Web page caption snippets

- - - - - - -

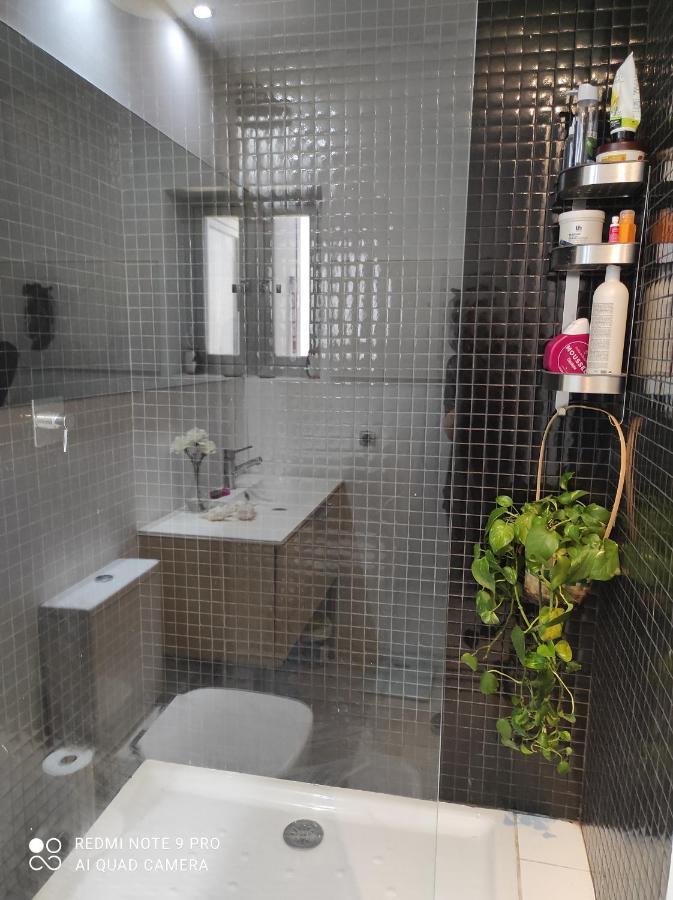 Habitacion Y Bano En Planta Independiente En Centro De Sevilla Kültér fotó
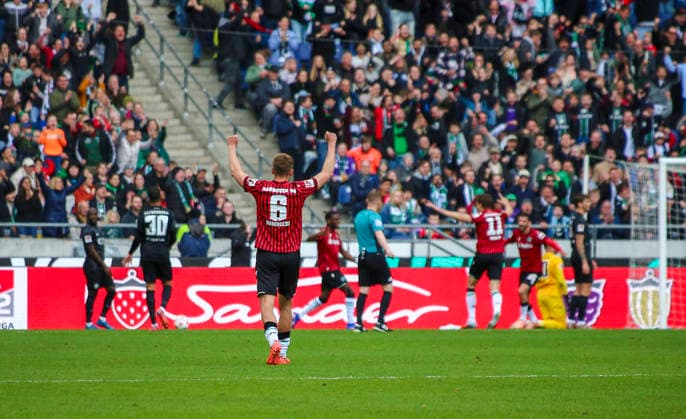 Deutschland: Fussball 2.Bundesliga 2025 2026, 28. Spieltag - Hannover 96 vs SV 07 Elversberg - Heinz von Heiden Arena Stadion (Hannover): Freude, Emotionen, Jubel Maik Nawrocki (Hannover 96, 6) Hannover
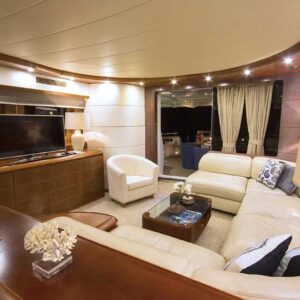Luxury Motoryacht 3 Cabins – 6 Guests
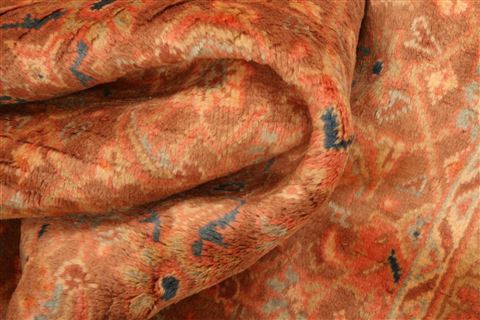 Sarouk Red Hand Knotted 76 X 116 Area Rug 253-29706 Image 2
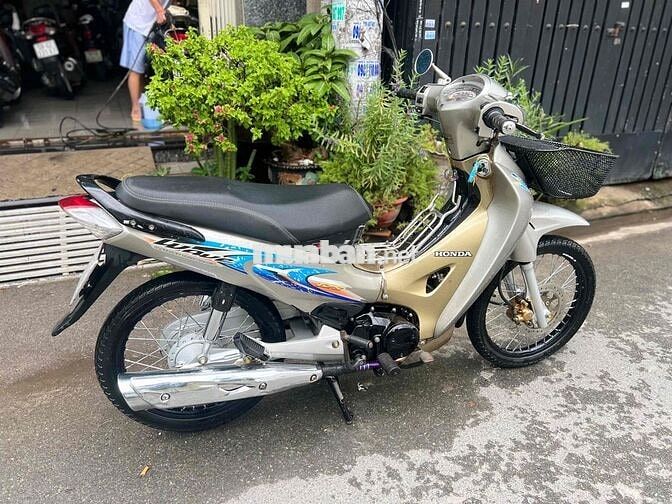Honda Wave Bạc 2 chỗ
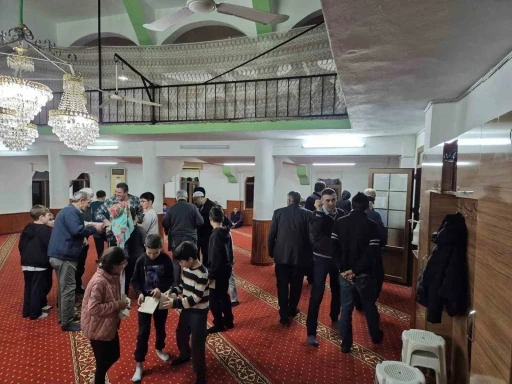 Köyceğiz’de çocuklar bayram harçlıklarını erken aldı
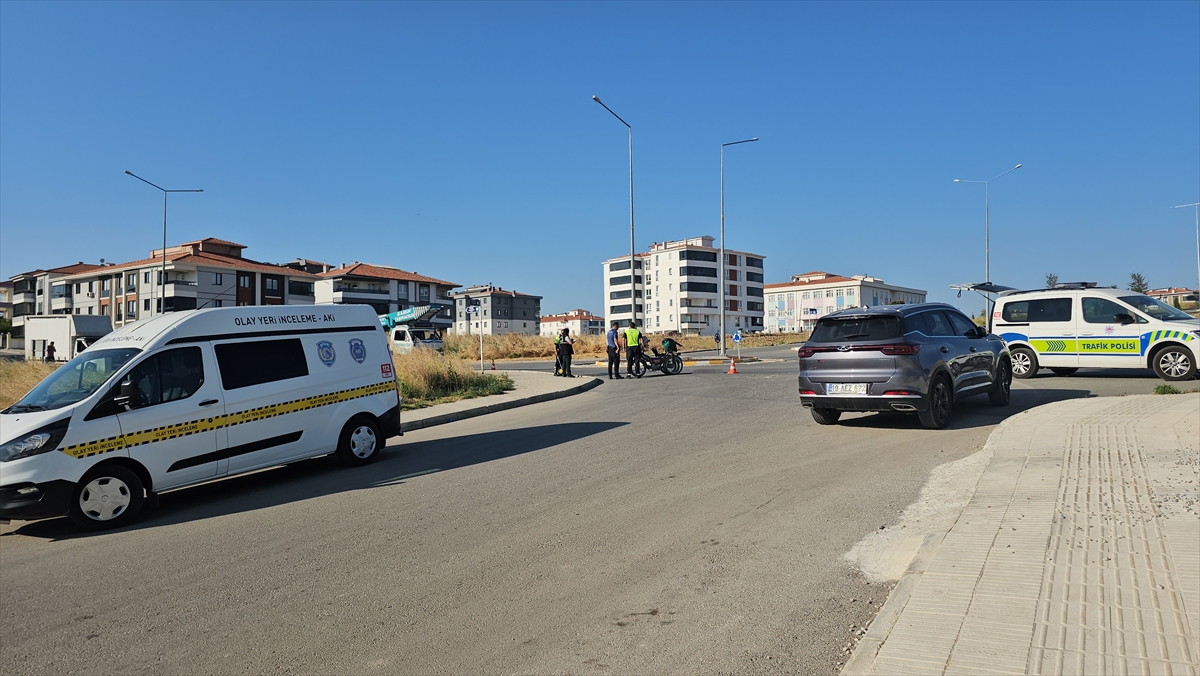Çorum'da kamyonet motosiklete çarptı: Sürücü hayatını kaybetti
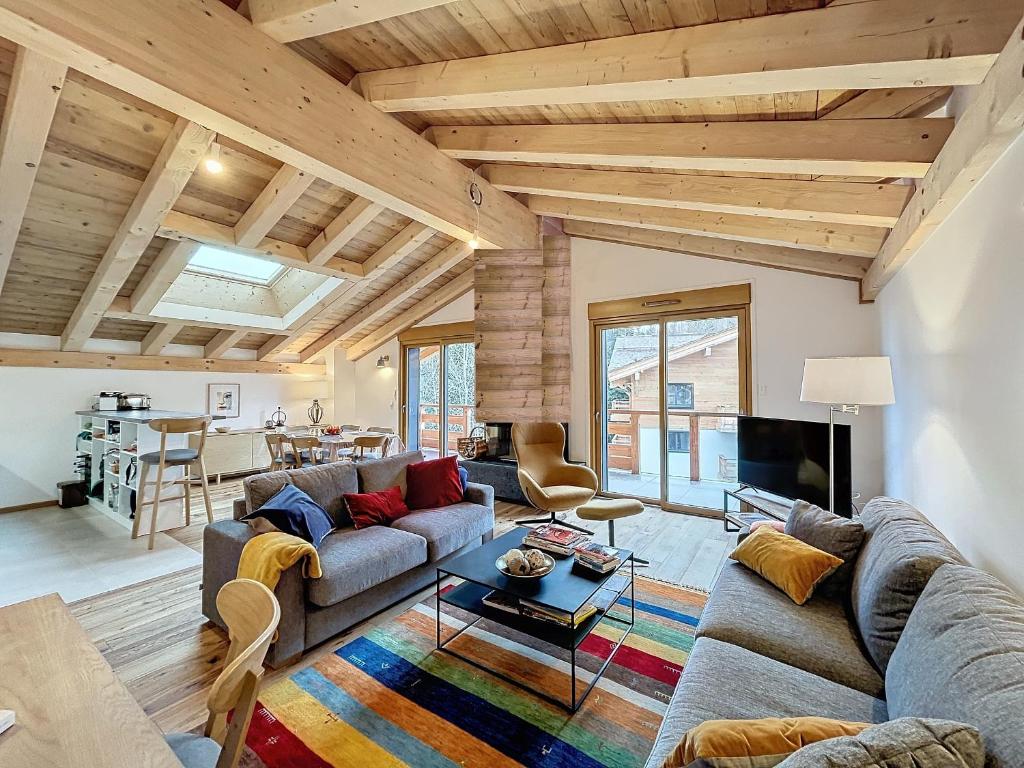 un salon avec un canapé et une table dans l'établissement Appartement de Standing 4 Chambres au Pied des Pistes à Combloux - FR-1-560-122, à Combloux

- - - - - - -

● **How to complete this task**:
Exactly as they appear above, give the records again, without their pictures.

● **Response for this exercise**:
 Habitacion Y Bano En Planta Independiente En Centro De Sevilla Kültér fotó
 Deutschland: Fussball 2.Bundesliga 2025 2026, 28. Spieltag - Hannover 96 vs SV 07 Elversberg - Heinz von Heiden Arena Stadion (Hannover): Freude, Emotionen, Jubel Maik Nawrocki (Hannover 96, 6) Hannover
Luxury Motoryacht 3 Cabins – 6 Guests
 Sarouk Red Hand Knotted 76 X 116 Area Rug 253-29706 Image 2
Honda Wave Bạc 2 chỗ
 Köyceğiz’de çocuklar bayram harçlıklarını erken aldı
Çorum'da kamyonet motosiklete çarptı: Sürücü hayatını kaybetti
 un salon avec un canapé et une table dans l'établissement Appartement de Standing 4 Chambres au Pied des Pistes à Combloux - FR-1-560-122, à Combloux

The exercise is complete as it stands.